June 14, 2011
Conference Paper

Combinatorial Information Theoretical Measurement of the Semantic Significance of Semantic Graph Motifs

Abstract

Given an arbitrary semantic graph data set, perhaps one lacking in explicit ontological information, we wish to first identify its significant semantic structures, and then measure the extent of their significance. Casting a semantic graph dataset as an edge-labeled, directed graph, this task can be built on the ability to mine frequent {\em labeled} subgraphs in edge-labeled, directed graphs. We begin by considering the fundamentals of the enumerative combinatorics of subgraph motif structures in edge-labeled directed graphs. We identify its frequent labeled, directed subgraph motif patterns, and measure the significance of the resulting motifs by the information gain relative to the expected value of the motif based on the empirical frequency distribution of the link types which compose them, assuming indpendence. We illustrate the method on a small test graph, and discuss results obtained for small linear motifs (link type bigrams and trigrams) in a larger graph structure.
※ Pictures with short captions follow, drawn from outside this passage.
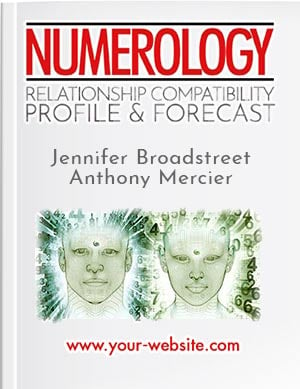 Numerology Reading; The Relationship Compatibility Profile and Forecast combined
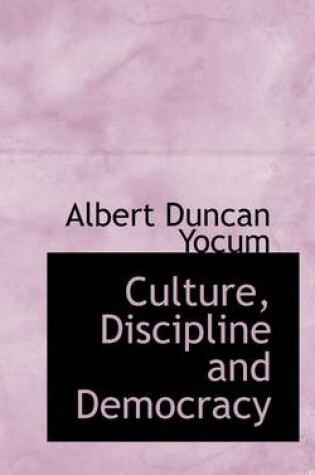 Cover of Culture, Discipline and Democracy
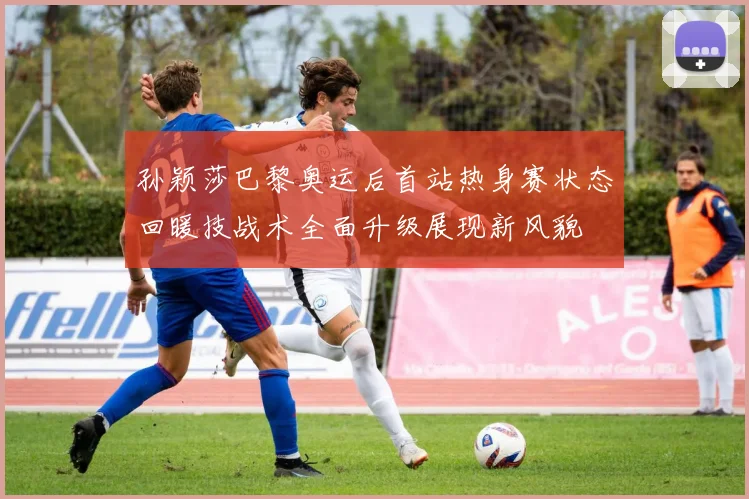 孙颖莎巴黎奥运后首站热身赛状态回暖技战术全面升级展现新风貌
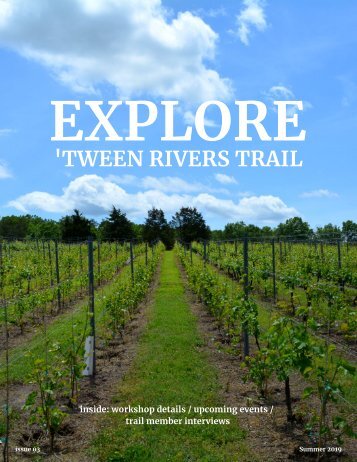 'Tween Rivers Trail EXPLORE Summer 2019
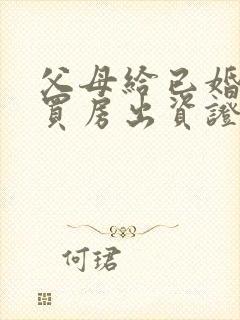 父母给已婚子女买房出资证明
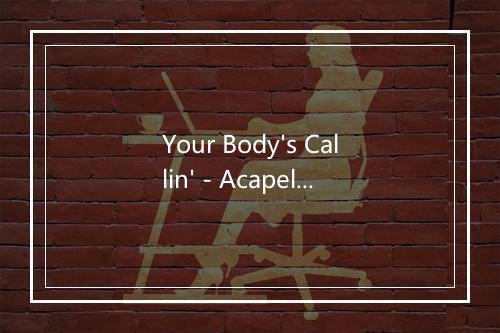 Your Body's Callin' - Acapella Glee Club-歌词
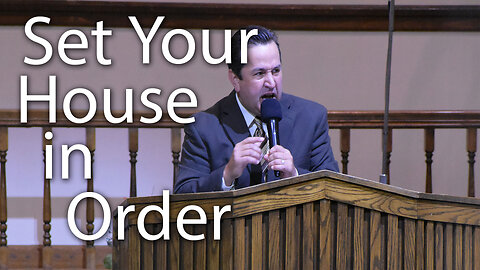 Set Your House in Order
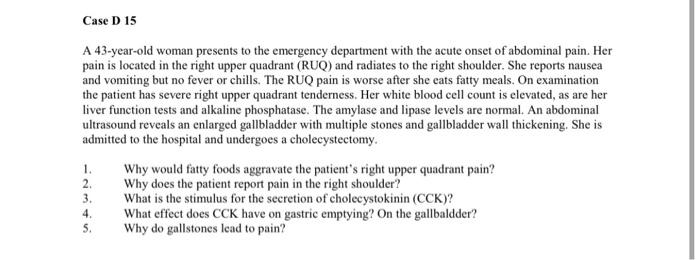Solved Case D 15 A 43-year-old woman presents to the | Chegg.com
Revised: September 5, 2013 | Published: June 14, 2011

Citation

Joslyn C.A., S. al-Saffar, D.J. Haglin, and L. Holder. 2011. Combinatorial Information Theoretical Measurement of the Semantic Significance of Semantic Graph Motifs. In Mining Data Semantics Workshop (MDS 2011) in conjunction with SIGKDD2011, August 21-24, 2011, San Diego, California. New York, New York:Association for Computing Machinery. PNNL-SA-80237.